Unlike at work, where ‘operations’ means ‘keeping Production from tipping over’, here I mean ‘what things do we want to be able to do with this application?’
In database terms, we want the full range of CRUD actions: Create, Read, Update, and Delete records. This includes any other artifacts (such as files on disk), but these actions are fundamental to almost all database applications.
What does it mean to do these things, though?
By Entity Type
I’ll start by discussing how CRUD operations might work for the various entity types I described yesterday. I expect ultimately I’ll want to be able to perform operations that touch on several entity types at once (such as adding a Document and associated Files in one step, as far as the interface is concerned), but those complex operations are still defined in terms of simpler operations.
When deleting records, I expect I’ll always cascade to remove first-generation related records. I might want the option of removing second-generation related records (i.e. if no Document uses a particular Tag anymore, get rid of that Tag) but I have not yet decided. Even if I don’t do this by accident, I expect I’ll want processes available that will make it easy to identify and cull orphaned entities.

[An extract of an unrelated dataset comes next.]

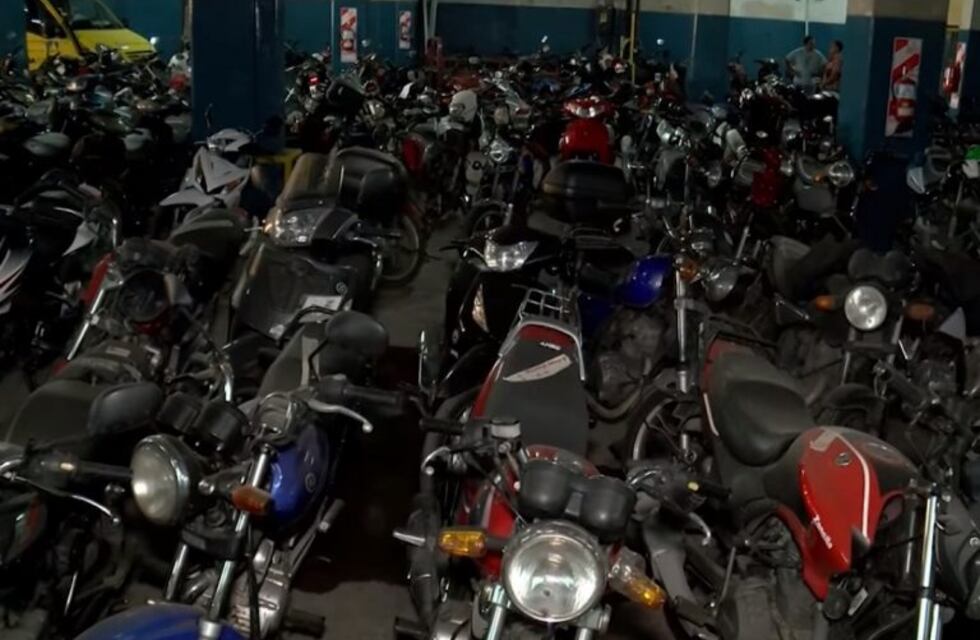 La Ciudad supervisó desde septiembre 52 mil motos y secuestró 2.500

The Creator table starts very simple: (name, marker, description).
Creating a Creator is very straightforward. If I’ve seen the name (or rather, name and marker) before, return that record’s rowid, else create a new record with the supplied name and return the rowid of that record. Things get a little trickier if other fields are provided (such as description), in that they could either be ignored or could lead to an unexpected update. I need to decide what to do here.
Reading a Creator is just that, returning the record. There is no file associated for me to export, and any data export I need to do is probably covered by the general export mechanisms.
Updating a Creator is straightforward, just changing the field values.
Deleting a Creator would necessarily include deleting associated records (Creator_Tag_XM, Creator_Document_XM) but not the second-generation connections. At least, not by default, but I can imagine culling those as well.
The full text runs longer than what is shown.